ドルマゲスに転生してしまったので悲しくない人生を送りたい 作:えにぃ
長くなったので分けました。前回の続きです。
DQⅧの世界に転生してから修行を重ねて俺は魔法や呪術を修得し、これまでも空を歩いたり、『ルーラ』で空中を高速移動したり、「キメラ」に乗って移動したり…という経験はしてきた。しかし……。
「(おお……!)」
レティシアを発ったレティスは瞬く間に隔絶された台地を飛び出し、大空へと繰り出した。大陸や島々が石や砂の粒のように、世界そのものがちいさな箱庭に見えるほどの高度をレティスと一体になって縦横無尽に飛び回る光景はまさに「大空が自分のもの」になったかのようだった。空の、海の、大地の…。まるで自分が世界の覇者になったような、こんな気分は初めてだ。
「本当に凄い…!ラミア様もいつもこんな光景をご覧になっているのですか?」
『ディムくんの方が年上なんだから、そんなに畏まらなくても大丈夫だよ!…ううん、ボクもまだ生まれたばかりだからこんな高い所から地上を眺めるのは初めて…やっぱり母さまはすごいなあ!』
ディムとラミアも大空に興奮しているようで微笑ましい。…微笑ましくはあるのだが、ラミアには将来勇者たちに同行してもらう必要があるんだよな。機動力は数段劣るものの、俺たちにはセキュリティサービスがあるので理論上空の移動は彼の力を借りずとも可能なのだ。一方勇者たちには空を移動する手段が無い。既に俺たちだけではラプソーンを止めることが不可能だということがリブルアーチの一戦で証明されてしまった今、勇者たちの力も惜しみなく借りていくつもりだ。して、勇者たちにはこれから俺たちと「三角谷」や「法皇の館」や「風鳴りの山」、万が一の場合は「暗黒魔城都市」などにも行ってもらわねばならず、基本的にセキュサはライセンスを持つ俺かキラちゃんがいないと使えない。というわけでラミアには勇者たちと一緒にいてもらいたいのだ。
でもまあ…それは今の彼に水を差すような形で伝える必要は無いか。光の世界に戻る時に考えるとしよう。
「レティス、高台が見えてきました!雲がかかっている二つの内、奥側の高台です!」
『わかりました。封印されている貴方の身体を傷つけないよう慎重に着陸しますね。』
レティスは背中に乗っている俺たちに負荷がかからないようゆっくりと速度を落とし、土煙を立てることもなく静かに目的地である「トラペッタの高台」に降り立った。
…
辺りに魔物の気配はなく、高台はひっそりとしている。

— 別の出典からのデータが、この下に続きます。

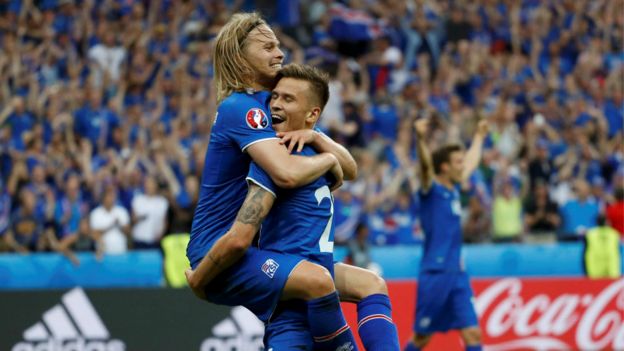 冰岛球员特斯塔森（右）和队友比亚纳森庆祝进球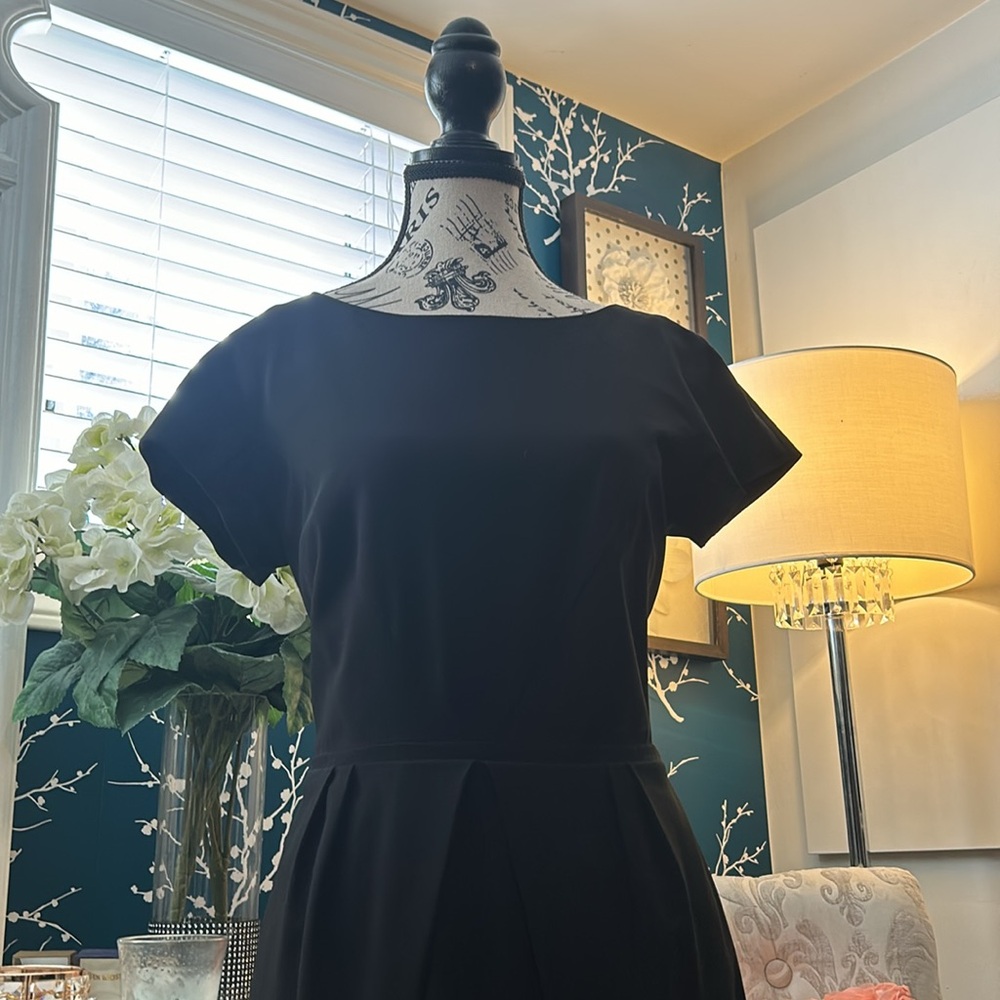 BEAUTIFUL,black dress  BY MAX MARA. Simple yet stunning - Picture 9 of 16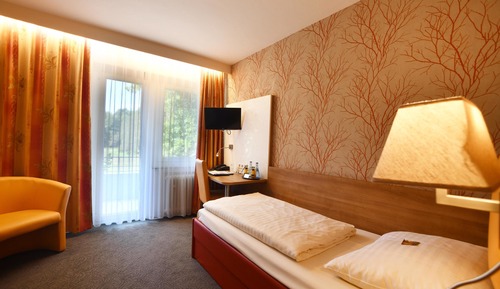 Comfort Single Room with extendable 90-140 cm bed on room wall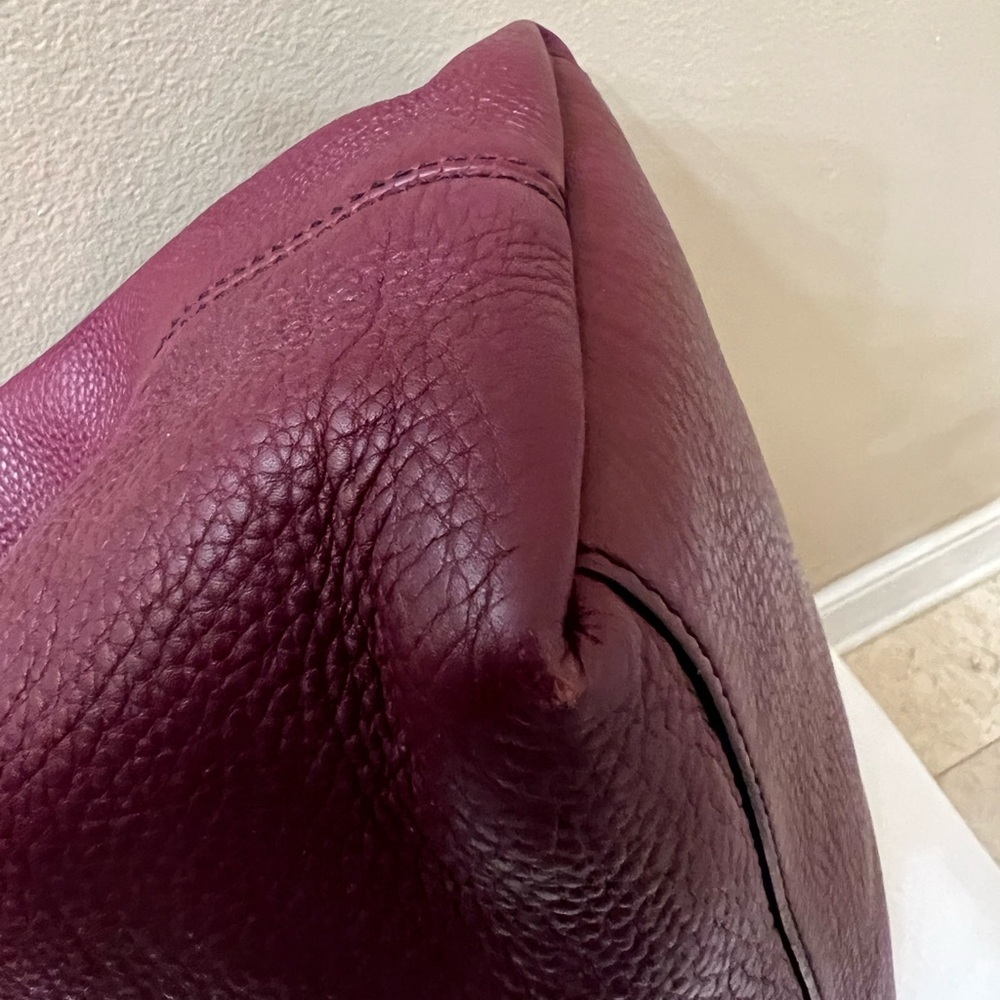 Gucci SoHo Leather 2 Way Bag EUC - Picture 17 of 17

誰の妨害も受けることなくレティスの背から降りた俺たちが、封印されている俺の本体を見つけるのに時間はかからなかった。
「これが…」
『ああっ!中に父さまの御姿が!』
「ほんとですね…おじさんの言ってたことは嘘じゃなかったんだ…」
高台の中央で薄紫色の光をぼんやりと放っている半円状のドーム。強い光ではないが、それでもこの闇の世界では悪目立ちも良いところだ。ドームの中で横たわっているのは俺…つまりこのドームが封印の結界で間違いはない。俺が封印の中で横たわる自分の姿を睨みつけていると、レティスが興味深そうに結界に嘴を近づけた。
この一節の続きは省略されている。